Tiene sentido que el papa reprendiera a los chismosos, porque con frecuencia él es el blanco de sus lenguas afiladas.
En la actualidad, la Iglesia católica se halla dividida por culpa de la lucha que libran conservadores y progresistas, comparable a la batalla en la que se enfrentan los ángeles en El paraíso perdido, de Milton. ¿Quiénes representan el poder de la luz? ¿Quiénes el de la oscuridad? La respuesta depende de quién consideremos que tiene razón en los virulentos ataques que se lanzan, así como en las proclamas de los medios de comunicación católicos. En el progresista National Catholic Reporter, Nancy Enright, experta en Estudios Católicos, comentó que Francisco se acerca “a Jesucristo con su mirada misericordiosa a los millones de personas que tanto la necesitan”.

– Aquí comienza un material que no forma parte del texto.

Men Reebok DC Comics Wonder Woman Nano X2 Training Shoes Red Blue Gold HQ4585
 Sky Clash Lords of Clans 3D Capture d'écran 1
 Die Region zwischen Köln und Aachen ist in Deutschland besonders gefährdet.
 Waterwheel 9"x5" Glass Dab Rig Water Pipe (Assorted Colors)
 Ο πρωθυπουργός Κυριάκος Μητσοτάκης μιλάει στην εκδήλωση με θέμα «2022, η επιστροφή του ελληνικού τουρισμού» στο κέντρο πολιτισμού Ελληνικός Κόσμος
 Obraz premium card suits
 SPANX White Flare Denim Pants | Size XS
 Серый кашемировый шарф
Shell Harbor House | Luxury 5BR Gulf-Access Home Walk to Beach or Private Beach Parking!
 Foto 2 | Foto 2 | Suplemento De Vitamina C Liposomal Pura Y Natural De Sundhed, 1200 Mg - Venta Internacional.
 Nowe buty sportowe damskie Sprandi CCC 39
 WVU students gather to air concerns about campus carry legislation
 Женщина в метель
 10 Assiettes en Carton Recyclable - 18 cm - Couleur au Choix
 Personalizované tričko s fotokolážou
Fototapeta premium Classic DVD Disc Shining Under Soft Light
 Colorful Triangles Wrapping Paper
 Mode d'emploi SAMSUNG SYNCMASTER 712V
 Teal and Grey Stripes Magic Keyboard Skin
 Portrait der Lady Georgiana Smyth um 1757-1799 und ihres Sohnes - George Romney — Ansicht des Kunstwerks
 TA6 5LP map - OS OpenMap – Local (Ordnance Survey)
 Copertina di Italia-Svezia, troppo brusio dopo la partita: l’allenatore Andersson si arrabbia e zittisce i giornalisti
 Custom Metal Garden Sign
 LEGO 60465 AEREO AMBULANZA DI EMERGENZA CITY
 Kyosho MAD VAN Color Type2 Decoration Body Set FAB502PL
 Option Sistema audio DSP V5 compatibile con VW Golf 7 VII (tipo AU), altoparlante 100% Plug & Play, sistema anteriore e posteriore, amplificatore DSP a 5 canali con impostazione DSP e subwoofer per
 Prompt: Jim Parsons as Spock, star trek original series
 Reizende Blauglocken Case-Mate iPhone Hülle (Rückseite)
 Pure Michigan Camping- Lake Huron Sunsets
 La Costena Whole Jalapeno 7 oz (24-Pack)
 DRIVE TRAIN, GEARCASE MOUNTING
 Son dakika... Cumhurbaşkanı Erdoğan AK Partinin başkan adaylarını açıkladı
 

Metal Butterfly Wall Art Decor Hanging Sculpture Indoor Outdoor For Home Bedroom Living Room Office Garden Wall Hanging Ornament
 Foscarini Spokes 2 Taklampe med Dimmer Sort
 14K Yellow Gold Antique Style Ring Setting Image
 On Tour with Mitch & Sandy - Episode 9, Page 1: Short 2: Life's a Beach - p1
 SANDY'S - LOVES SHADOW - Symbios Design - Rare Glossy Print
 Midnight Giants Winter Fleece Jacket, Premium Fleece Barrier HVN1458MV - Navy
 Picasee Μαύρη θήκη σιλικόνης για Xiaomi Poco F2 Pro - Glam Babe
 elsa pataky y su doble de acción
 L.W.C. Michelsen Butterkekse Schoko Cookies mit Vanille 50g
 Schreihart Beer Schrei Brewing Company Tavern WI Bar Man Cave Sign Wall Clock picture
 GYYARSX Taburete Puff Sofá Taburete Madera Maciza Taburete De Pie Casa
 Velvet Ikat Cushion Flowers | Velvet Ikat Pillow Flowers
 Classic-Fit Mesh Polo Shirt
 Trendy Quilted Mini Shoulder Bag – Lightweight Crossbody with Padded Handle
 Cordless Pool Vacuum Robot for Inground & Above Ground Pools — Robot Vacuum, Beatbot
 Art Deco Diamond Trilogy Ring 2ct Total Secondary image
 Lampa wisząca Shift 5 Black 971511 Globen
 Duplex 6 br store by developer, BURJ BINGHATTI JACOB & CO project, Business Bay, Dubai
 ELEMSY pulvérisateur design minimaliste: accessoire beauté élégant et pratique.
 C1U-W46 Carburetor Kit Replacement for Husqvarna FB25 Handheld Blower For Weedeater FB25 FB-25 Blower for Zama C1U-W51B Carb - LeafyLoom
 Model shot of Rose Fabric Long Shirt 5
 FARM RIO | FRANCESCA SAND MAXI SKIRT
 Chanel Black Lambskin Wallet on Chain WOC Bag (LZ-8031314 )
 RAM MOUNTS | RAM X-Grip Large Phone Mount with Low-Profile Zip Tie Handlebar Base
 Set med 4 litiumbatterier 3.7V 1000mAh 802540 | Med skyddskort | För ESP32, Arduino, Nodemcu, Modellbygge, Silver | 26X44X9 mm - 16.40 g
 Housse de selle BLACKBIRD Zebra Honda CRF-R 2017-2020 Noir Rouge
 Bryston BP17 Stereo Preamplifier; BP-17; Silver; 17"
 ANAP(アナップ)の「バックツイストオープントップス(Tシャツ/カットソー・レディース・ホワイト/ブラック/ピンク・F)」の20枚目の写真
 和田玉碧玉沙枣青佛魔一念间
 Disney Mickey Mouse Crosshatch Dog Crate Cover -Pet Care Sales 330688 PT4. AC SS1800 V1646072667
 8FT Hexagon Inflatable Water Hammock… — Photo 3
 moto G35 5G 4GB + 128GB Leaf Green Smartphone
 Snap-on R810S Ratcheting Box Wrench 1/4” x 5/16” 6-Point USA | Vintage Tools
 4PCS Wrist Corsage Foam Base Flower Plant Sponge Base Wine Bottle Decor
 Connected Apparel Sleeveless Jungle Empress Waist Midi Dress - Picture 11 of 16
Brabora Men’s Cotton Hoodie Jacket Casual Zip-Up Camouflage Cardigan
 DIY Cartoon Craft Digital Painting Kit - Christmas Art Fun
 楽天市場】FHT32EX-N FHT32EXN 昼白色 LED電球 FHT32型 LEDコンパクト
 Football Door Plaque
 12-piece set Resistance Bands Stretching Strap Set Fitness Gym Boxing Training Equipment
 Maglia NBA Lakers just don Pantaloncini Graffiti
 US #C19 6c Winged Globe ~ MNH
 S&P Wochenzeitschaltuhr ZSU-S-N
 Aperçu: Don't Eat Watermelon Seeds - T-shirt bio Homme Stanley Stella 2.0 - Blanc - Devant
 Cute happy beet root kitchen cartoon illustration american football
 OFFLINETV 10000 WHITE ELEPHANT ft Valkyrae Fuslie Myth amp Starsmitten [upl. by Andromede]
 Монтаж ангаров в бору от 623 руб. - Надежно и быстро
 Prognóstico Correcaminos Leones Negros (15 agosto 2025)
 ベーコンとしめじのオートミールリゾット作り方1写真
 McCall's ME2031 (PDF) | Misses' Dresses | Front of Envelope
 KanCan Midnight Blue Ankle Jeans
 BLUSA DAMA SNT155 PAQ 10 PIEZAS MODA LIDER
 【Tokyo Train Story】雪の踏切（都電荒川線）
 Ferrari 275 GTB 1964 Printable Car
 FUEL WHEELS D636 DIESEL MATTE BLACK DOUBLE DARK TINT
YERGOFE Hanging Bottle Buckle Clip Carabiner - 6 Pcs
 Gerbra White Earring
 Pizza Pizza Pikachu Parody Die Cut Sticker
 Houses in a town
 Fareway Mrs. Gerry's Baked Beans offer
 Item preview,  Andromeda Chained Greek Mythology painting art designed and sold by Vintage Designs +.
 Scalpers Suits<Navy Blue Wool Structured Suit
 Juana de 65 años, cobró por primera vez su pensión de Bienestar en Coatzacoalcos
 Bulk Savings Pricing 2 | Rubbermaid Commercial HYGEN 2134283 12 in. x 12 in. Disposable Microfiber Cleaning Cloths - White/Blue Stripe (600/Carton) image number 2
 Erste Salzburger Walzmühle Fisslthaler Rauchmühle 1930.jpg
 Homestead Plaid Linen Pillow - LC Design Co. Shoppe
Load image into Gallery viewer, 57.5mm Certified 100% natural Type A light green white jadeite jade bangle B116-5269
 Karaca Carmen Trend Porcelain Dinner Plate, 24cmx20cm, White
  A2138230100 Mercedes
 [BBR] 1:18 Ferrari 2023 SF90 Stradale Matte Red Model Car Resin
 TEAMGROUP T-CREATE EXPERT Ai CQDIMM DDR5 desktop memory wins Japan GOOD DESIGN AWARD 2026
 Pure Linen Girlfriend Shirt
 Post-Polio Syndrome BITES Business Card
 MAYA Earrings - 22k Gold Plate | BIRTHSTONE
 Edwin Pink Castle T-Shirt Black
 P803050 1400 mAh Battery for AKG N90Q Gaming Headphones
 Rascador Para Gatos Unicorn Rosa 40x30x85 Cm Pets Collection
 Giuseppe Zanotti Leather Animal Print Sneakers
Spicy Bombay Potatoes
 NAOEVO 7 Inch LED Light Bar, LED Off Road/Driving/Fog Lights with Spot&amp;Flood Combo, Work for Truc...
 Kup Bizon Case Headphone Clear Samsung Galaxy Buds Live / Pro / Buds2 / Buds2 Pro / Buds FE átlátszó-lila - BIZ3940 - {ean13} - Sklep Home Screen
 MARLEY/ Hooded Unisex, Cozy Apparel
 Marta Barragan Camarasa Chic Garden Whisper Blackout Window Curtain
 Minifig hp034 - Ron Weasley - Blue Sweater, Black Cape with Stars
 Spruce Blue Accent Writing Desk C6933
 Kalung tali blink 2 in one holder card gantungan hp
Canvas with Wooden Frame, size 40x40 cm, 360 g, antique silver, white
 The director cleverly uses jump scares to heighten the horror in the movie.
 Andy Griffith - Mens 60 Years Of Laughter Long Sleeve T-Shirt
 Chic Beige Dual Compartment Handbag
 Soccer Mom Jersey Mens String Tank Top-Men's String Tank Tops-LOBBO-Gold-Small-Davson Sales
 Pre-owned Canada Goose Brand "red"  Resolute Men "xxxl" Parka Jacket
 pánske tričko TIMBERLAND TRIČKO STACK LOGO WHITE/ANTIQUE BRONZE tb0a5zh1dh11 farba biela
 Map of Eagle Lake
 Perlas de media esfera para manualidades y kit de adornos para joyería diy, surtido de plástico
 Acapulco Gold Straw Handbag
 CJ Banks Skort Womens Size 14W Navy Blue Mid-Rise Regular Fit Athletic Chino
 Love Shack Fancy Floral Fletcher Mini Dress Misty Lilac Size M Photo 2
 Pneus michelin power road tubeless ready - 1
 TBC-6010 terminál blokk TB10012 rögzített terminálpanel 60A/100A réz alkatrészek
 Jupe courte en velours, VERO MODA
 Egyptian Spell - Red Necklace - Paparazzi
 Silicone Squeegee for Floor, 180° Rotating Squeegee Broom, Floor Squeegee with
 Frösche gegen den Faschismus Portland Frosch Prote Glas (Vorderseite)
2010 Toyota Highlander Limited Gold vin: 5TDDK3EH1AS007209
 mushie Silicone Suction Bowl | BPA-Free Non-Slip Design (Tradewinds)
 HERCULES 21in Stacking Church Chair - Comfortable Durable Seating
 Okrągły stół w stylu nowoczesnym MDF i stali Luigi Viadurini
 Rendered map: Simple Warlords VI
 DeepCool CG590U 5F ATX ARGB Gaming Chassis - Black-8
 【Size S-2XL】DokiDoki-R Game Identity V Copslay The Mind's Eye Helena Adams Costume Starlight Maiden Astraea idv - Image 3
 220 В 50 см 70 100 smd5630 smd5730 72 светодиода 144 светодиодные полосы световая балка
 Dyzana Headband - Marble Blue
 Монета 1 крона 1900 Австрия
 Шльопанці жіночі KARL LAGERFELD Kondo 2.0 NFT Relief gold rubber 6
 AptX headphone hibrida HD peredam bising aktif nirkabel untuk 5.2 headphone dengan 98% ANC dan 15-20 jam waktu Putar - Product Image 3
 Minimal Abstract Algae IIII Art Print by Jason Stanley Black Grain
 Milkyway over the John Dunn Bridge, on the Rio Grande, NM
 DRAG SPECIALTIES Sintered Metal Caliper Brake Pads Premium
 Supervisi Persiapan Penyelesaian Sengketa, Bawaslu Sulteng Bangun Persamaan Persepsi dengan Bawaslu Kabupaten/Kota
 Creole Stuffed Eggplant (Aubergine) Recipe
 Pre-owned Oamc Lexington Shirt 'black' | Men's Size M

El detalle que hace que este cisma en la Iglesia sea más serio y mucho más peligroso que las disputas habituales es el hecho de que
existen dos papas, ambos residentes del Vaticano, cada uno con sus fieles y vociferantes seguidores. Los progresistas tienen a Francisco, y los conservadores a Benedicto XVI. El pontífice que actualmente ostenta el cargo es Francisco, pero Benedicto se niega a desaparecer.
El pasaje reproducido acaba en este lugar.